# gold spot plec?



## PoisonGirl (Oct 24, 2008)

i went to the pet shop today to order a couple of neons and saw some tiny plecs.

now he is a bit useless when it comes to plecs and told me he thinks ther are old spot??
they had babies, they are too cute!

what do these gold spot (if thats even the right name) look like and how big do they get?
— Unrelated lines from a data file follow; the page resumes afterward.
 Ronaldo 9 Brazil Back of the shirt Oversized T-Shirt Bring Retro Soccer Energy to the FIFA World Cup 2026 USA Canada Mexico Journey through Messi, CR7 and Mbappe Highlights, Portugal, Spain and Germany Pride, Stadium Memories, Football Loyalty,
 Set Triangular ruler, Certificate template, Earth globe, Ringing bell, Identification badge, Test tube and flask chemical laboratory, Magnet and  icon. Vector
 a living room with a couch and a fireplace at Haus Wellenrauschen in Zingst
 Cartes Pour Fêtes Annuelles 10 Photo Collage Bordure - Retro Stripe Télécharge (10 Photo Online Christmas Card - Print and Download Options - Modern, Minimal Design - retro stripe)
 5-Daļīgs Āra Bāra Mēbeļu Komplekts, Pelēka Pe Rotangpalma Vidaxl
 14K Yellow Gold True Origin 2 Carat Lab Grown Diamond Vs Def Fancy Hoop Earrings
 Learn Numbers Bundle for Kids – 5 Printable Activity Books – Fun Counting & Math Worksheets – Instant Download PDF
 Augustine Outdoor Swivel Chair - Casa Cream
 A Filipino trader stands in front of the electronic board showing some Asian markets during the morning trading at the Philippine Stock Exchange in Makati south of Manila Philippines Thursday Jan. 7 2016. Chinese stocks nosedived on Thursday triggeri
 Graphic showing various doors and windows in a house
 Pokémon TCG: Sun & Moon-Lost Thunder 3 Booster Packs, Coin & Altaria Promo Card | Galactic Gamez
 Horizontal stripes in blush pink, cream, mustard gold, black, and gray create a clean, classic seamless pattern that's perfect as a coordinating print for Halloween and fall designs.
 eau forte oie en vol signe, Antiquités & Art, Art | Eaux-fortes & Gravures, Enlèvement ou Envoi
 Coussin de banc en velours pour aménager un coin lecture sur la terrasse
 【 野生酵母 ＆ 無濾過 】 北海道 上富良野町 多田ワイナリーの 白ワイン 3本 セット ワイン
My tank is only 2ft so dont want a huge one.


----------



## hawksport (Dec 27, 2009)

Could be this Gold Spot Dwarf Pleco - Parotocinclus spilosoma
or thisGold Nugget Pleco (L18) - Baryancistrus sp. (?)
or this Fishkeeping - Caresheets - Gold Spot Pleco L001, L022 (Sailfin plec) - Glyptoperichthys joselimaianus
or any of a number of others


----------



## Guest (Nov 18, 2010)

My money is going on _Glyptoperichthys joselimaianus_, but either way you would still need a bigger tank for all of the above species apart from _Parotocinclus spilosoma_.

_Parotocinclus spilosoma_ is a bit more difficult to find and is normally only stocked by dedicated specialist aquatic stores, it isn't normally found in your average pet shop.


----------



## livefishcam (Oct 28, 2010)

people nick name it the "gold spot plec" as it looks like it has gold spot like shapes on its body but its name is a Glyptoperichthys joselimaianus.

It can grow up to 30cm so a 4foot tank would be best.

Craig


----------



## PoisonGirl (Oct 24, 2008)

I could really do with a better shop but there is nowhere else 

Will a bulldog one be ok then? He did try to tell me the gold spot will only be about 3-4inches.


----------



## Guest (Nov 21, 2010)

If you can, I'd avoid a Bulldog Plec and look for a slightly more specialist aquatic store. even if it means travelling further afield. In the ideal word, Bulldogs should be kept in tanks that mimic their native environment, which means cooler, fast-flowing and highly oxygenated water.

I would look for something along the lines of a small _Panaque_ species, such as _P. maccus_. This small wood-eating Loricariid is commonly sold under common names such as the Clown Pleco, L104, L162, LDA022 and the Ringlet Pleco.

Nearly all _Panaque_ species consume wood, as it is a source of an important organic chemical called Lignin, which aids digestion. Lignin is formed by the Lignification of xylem vessels in plant stems and tree trunks, and as such is the reason why most _Panaque_ can be found clinging to a piece of submerged wood from a dead, submerged tree.


----------